Reproduce, without alteration, every line of the data; exclude the images.

Provided data
_ _ _ _ _

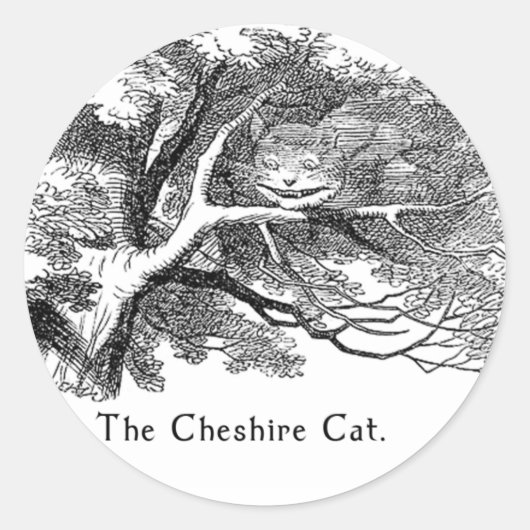 Alice in Wonderland Artスタンプ(2サイズ) ラウンドシール (正面)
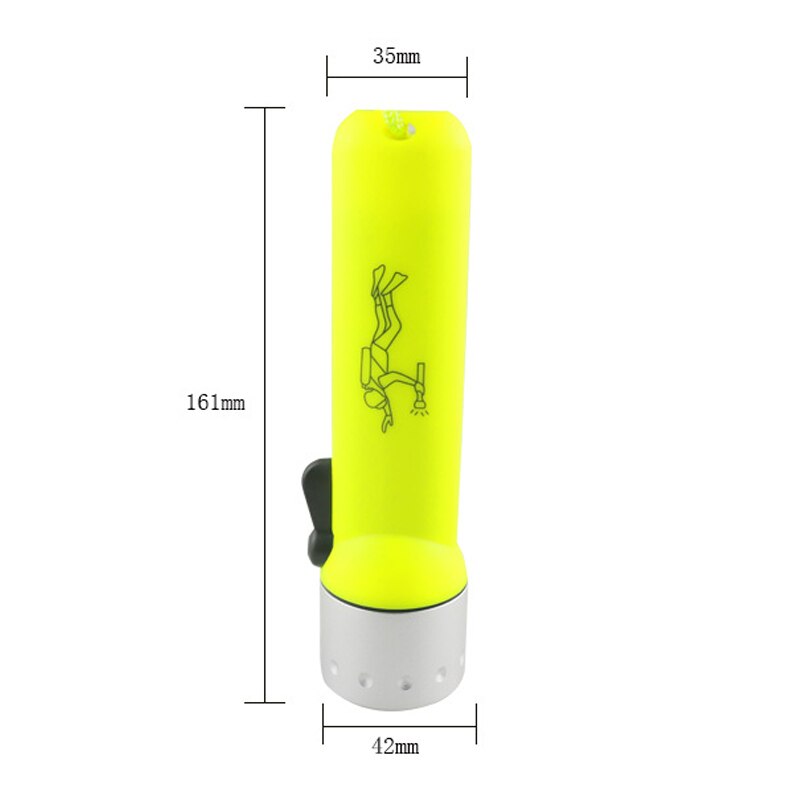 Duikzaklamp, led-zaklamp, waterdicht, superhelder voor noodgevallen thuis, buiten, sal 99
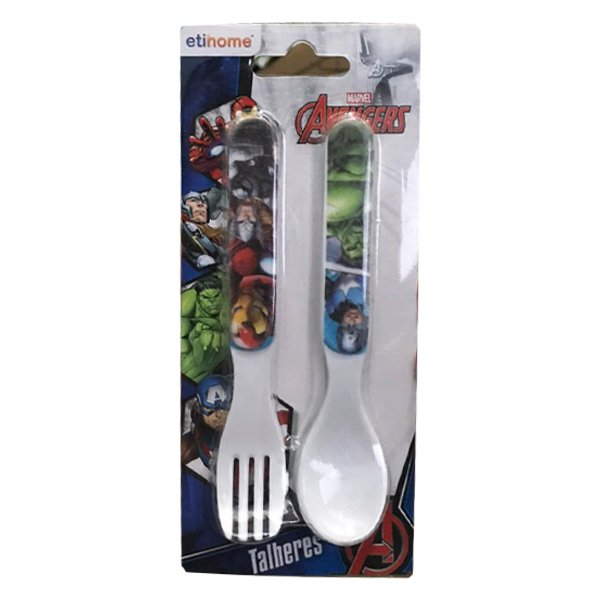 Talheres 2 Peças Avengers - ETITOYS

_ _ _ _ _

The completed task
 Alice in Wonderland Artスタンプ(2サイズ) ラウンドシール (正面)
 Duikzaklamp, led-zaklamp, waterdicht, superhelder voor noodgevallen thuis, buiten, sal 99
 Talheres 2 Peças Avengers - ETITOYS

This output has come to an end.